What the exercise asks:
Everything in the listing below should be repeated verbatim, apart from the pictures.

Data for this task:
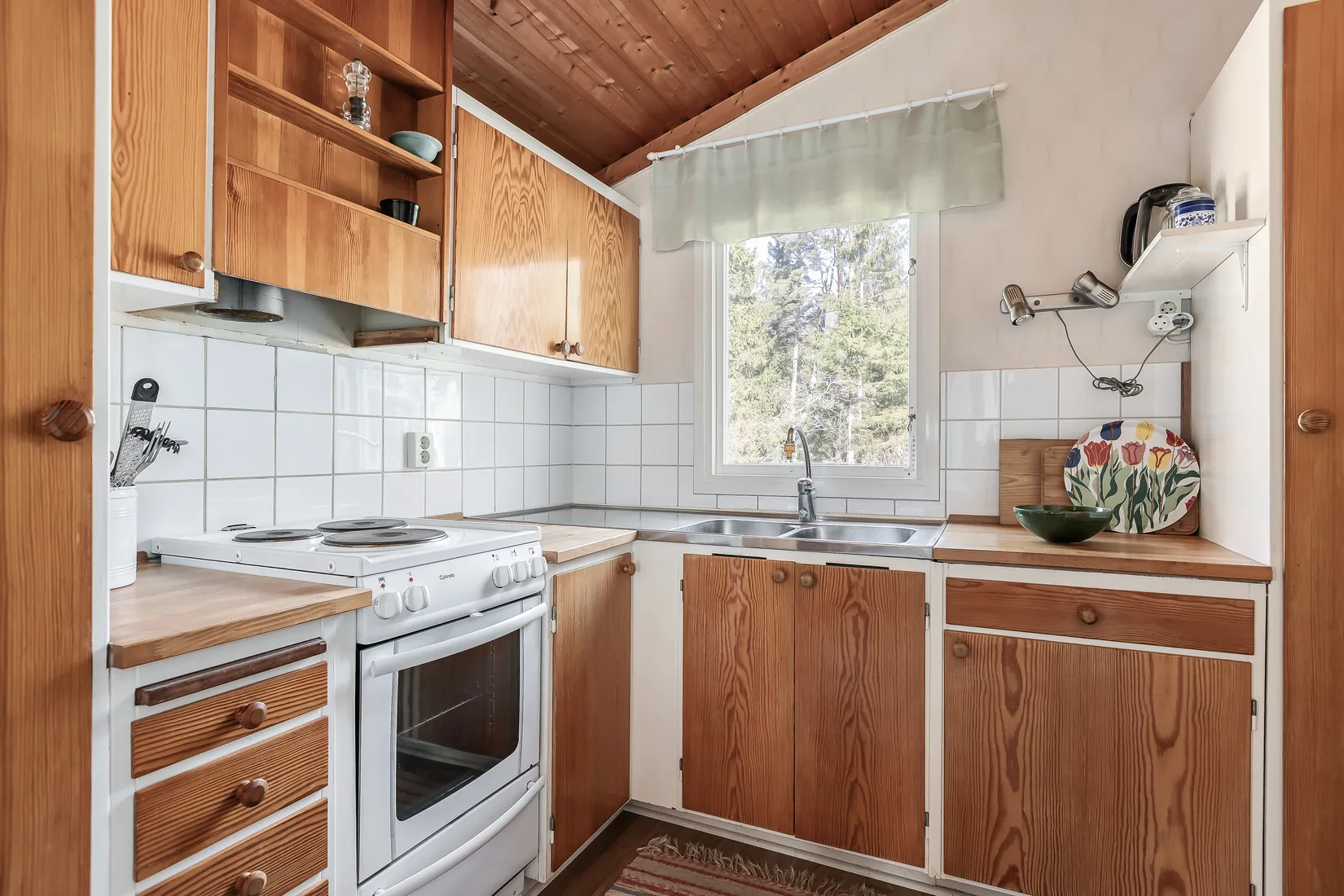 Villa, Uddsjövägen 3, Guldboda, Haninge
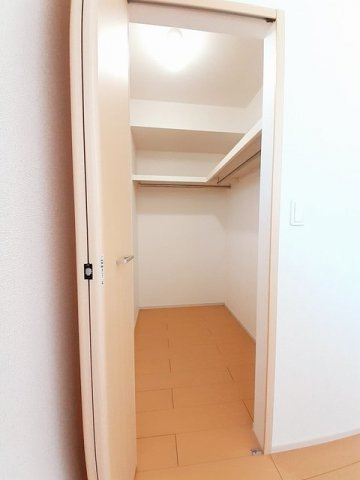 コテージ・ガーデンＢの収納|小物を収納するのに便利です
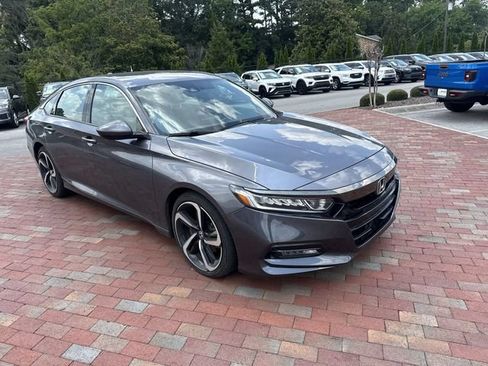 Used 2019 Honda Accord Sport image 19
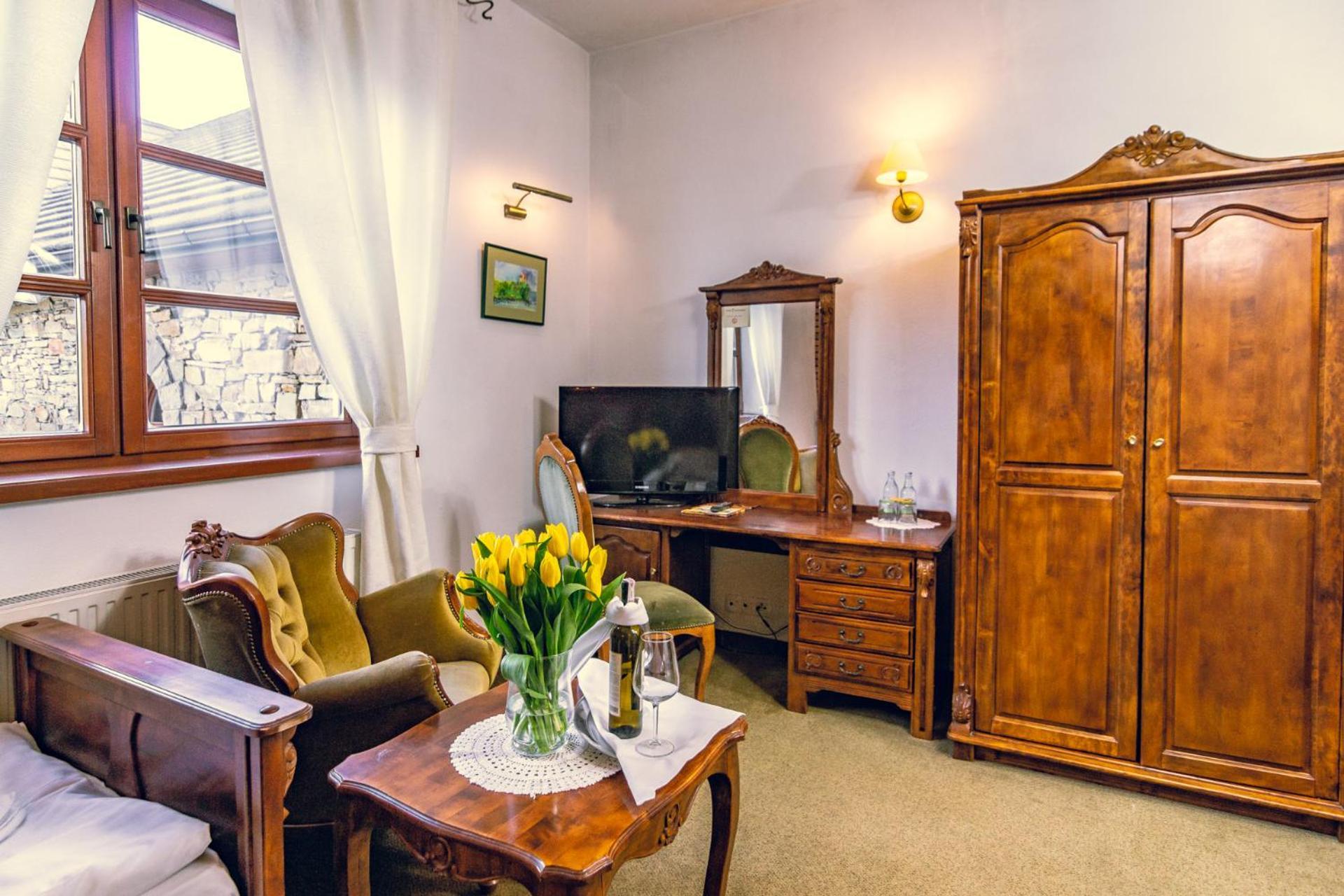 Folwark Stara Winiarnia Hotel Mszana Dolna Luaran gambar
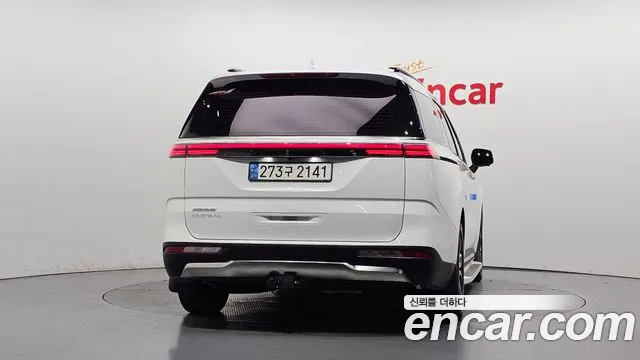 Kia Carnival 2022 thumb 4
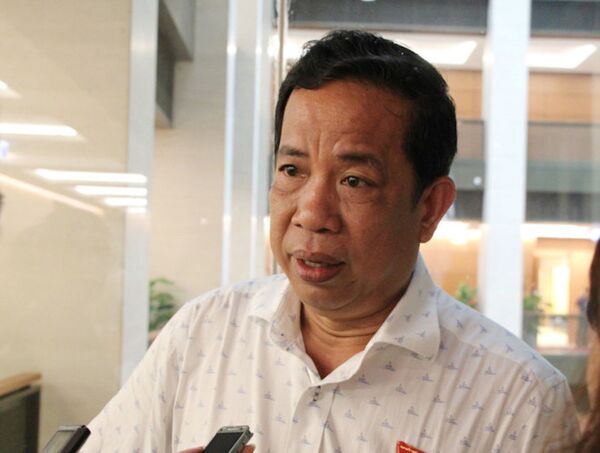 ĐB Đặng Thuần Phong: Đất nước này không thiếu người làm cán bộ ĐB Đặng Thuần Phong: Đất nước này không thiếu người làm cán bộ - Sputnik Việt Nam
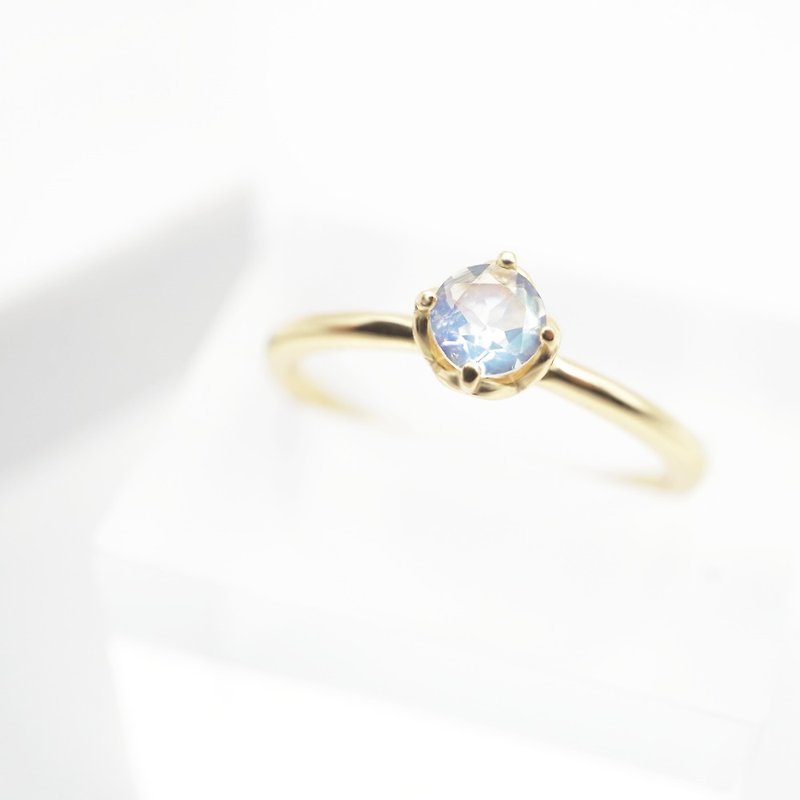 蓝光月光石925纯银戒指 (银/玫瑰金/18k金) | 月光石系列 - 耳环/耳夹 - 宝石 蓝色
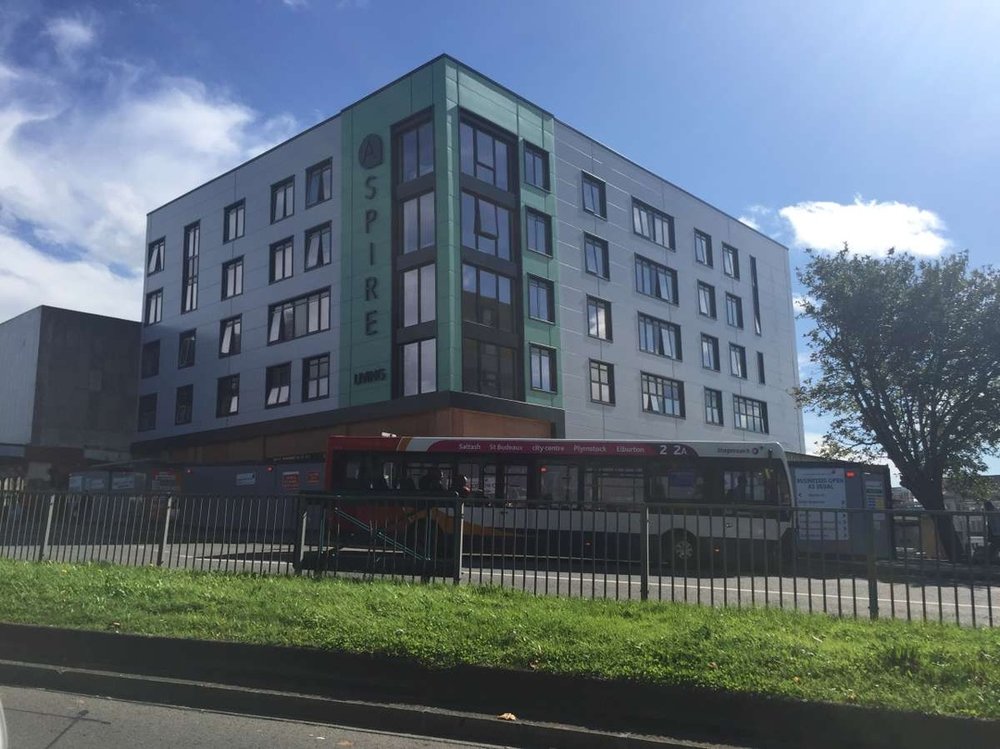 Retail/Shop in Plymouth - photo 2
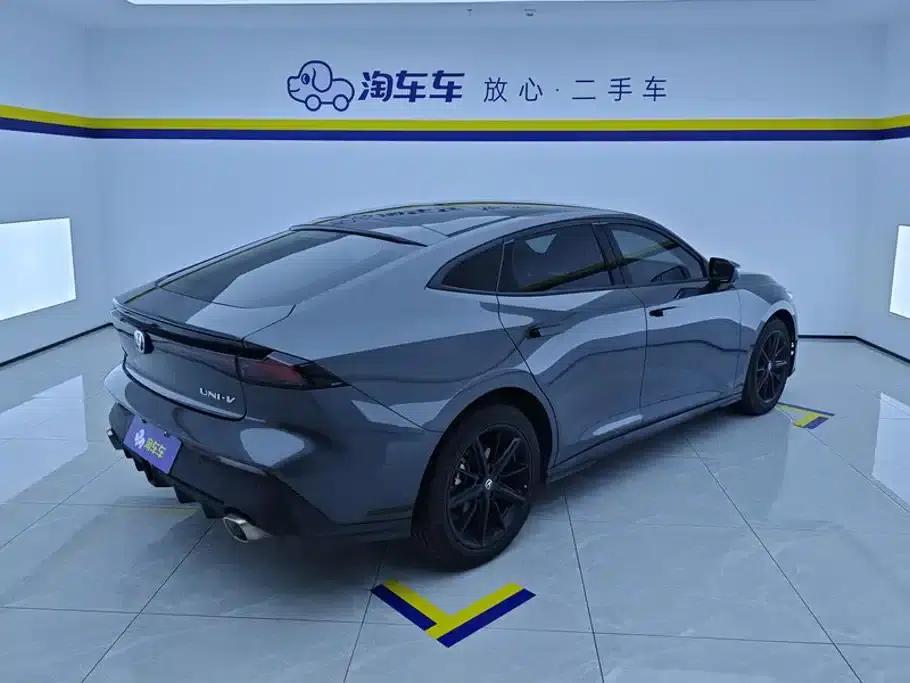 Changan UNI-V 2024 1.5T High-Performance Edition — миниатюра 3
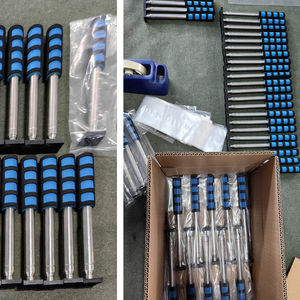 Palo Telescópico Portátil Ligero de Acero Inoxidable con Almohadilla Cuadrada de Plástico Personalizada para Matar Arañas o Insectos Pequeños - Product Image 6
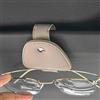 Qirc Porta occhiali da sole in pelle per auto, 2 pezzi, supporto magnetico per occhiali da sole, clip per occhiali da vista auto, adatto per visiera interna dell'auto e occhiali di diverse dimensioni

Answer section:
 Villa, Uddsjövägen 3, Guldboda, Haninge
 コテージ・ガーデンＢの収納|小物を収納するのに便利です
 Used 2019 Honda Accord Sport image 19
 Folwark Stara Winiarnia Hotel Mszana Dolna Luaran gambar
 Kia Carnival 2022 thumb 4
 ĐB Đặng Thuần Phong: Đất nước này không thiếu người làm cán bộ ĐB Đặng Thuần Phong: Đất nước này không thiếu người làm cán bộ - Sputnik Việt Nam
 蓝光月光石925纯银戒指 (银/玫瑰金/18k金) | 月光石系列 - 耳环/耳夹 - 宝石 蓝色
 Retail/Shop in Plymouth - photo 2
 Changan UNI-V 2024 1.5T High-Performance Edition — миниатюра 3
 Palo Telescópico Portátil Ligero de Acero Inoxidable con Almohadilla Cuadrada de Plástico Personalizada para Matar Arañas o Insectos Pequeños - Product Image 6
 Qirc Porta occhiali da sole in pelle per auto, 2 pezzi, supporto magnetico per occhiali da sole, clip per occhiali da vista auto, adatto per visiera interna dell'auto e occhiali di diverse dimensioni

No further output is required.